Now, use-site declaration is nice, but in Scala it's much more common to take advantage of declaration-site variance (something Java doesn't have). This means that we would describe the variance of Foo's generic type at the point of defining Foo. We would simply say class Foo[+T]. Now we don't need to use bounds when writing methods that work with Foo; we proclaimed Foo to be permanently covariant in its type, in every use case and every scenario.
For more details about variance in Scala feel free to check out my blog post on this topic.
Looking at the source for List.scala:
sealed abstract class List[+A] extends ...
...
def isEmpty: Boolean
def head: A
def tail: List[A]
List[+A] is covariant based on the +A. Does this mean that, it's possible to create a List[T] where T can be the type itself, or any of its sub-classes?
example:
scala> trait Kid
defined trait Kid
scala> case class Boy(name: String) extends Kid
defined class Boy
scala> case class Girl(name: String) extends Kid
defined class Girl
scala> val list: List[Kid] = List(Boy("kevin"), Girl("sally"))
list: List[Kid] = List(Boy(kevin), Girl(sally))
Observe that head and tail's types are A and List[A], respectively.
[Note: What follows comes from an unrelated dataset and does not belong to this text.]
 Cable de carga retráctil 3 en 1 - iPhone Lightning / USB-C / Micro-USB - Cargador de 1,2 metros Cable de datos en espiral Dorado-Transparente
Once we've defined List[+A], then head and tail's A is also covariant?
I've read this StackOverflow answer 3 or 4 times, but I don't understand yet.
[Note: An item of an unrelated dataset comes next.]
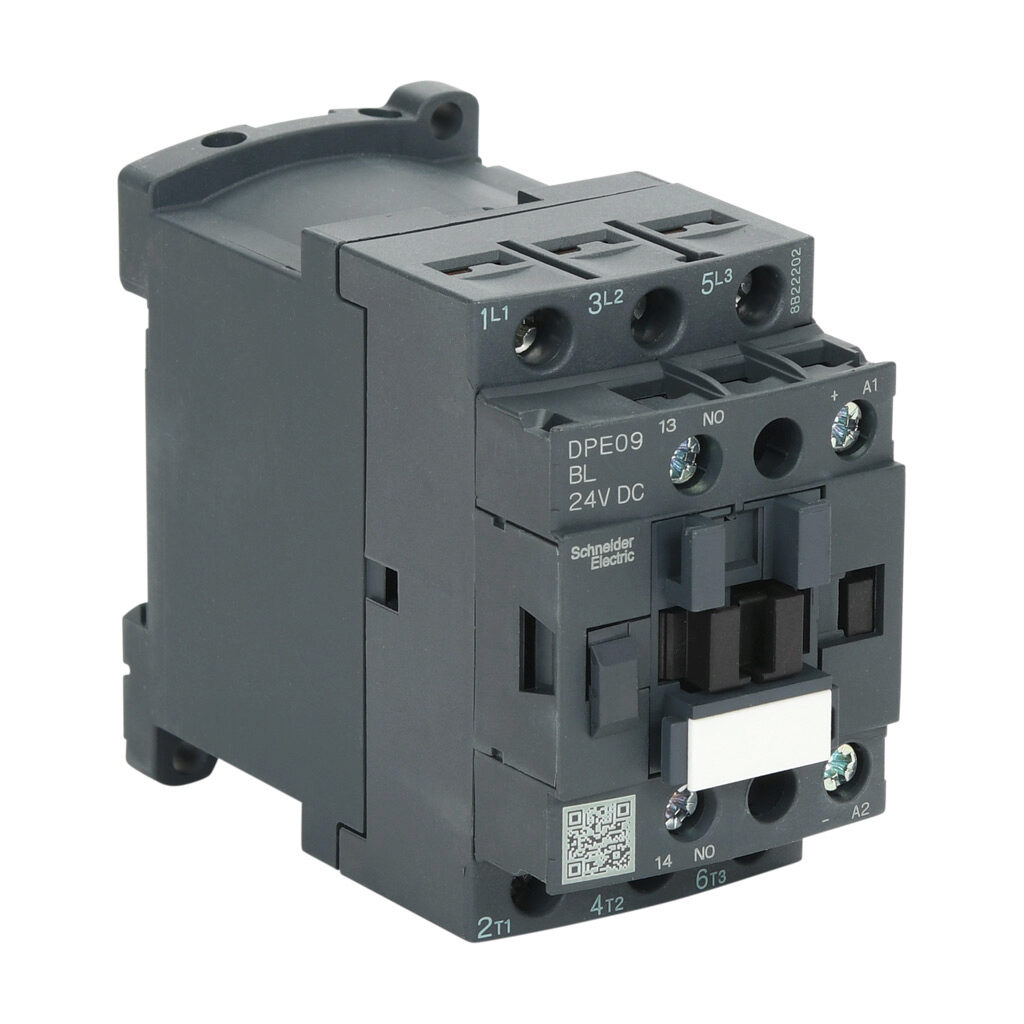 DPE09BL - Schneider Electric Easy TeSys series IEC contactor, 9A, (3) N.O. power poles, (1) N.O. auxiliary contacts, 24 VDC coil voltage.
Your example does not relate to variance. Moreover, head and tail have nothing to do with variance too.
scala> val list: List[Kid] = List(Boy("kevin"), Girl("sally"))
list: List[Kid] = List(Boy(kevin), Girl(sally))
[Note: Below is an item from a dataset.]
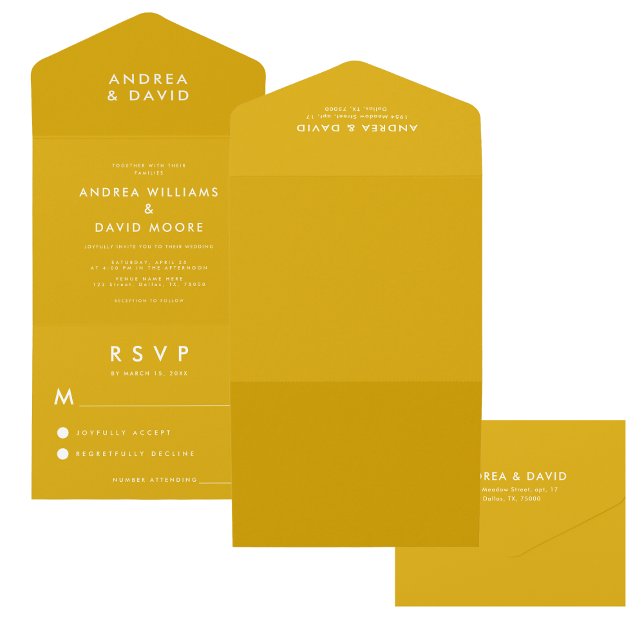 Modern Elegant Mustard Gult Minimalist Bröllop (Skapare uppladdad)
This would work even if List weren't covariant, because Scala will automatically deduce common supertype of Boy and Girl, that is, Kid, and type of the expression on the right side will be List[Kid], exactly what you require on the left side.
The following, however, doesn't work because java.util.List is not covariant (it is invariant since it is Java type):
scala> import java.util.{List => JList, Arrays}
import java.util.{List=>JList, Arrays}
scala> trait Kid
defined trait Kid
scala> case class Boy(name: String) extends Kid
defined class Boy
scala> val list1 = Arrays.asList(Boy("kevin"), Boy("bob"))
list1: java.util.List[Boy] = [Boy(kevin), Boy(bob)]
scala> val list2: JList[Kid] = list1
<console>:12: error: type mismatch;
found : java.util.List[Boy]
required: java.util.List[Kid]
Note: Boy <: Kid, but Java-defined trait List is invariant in type E.
You may wish to investigate a wildcard type such as `_ <: Kid`. (SLS 3.2.10)
val list2: JList[Kid] = list1
^
Arrays.asList method has signature like this:
def asList[T](args: T*): java.util.List[T]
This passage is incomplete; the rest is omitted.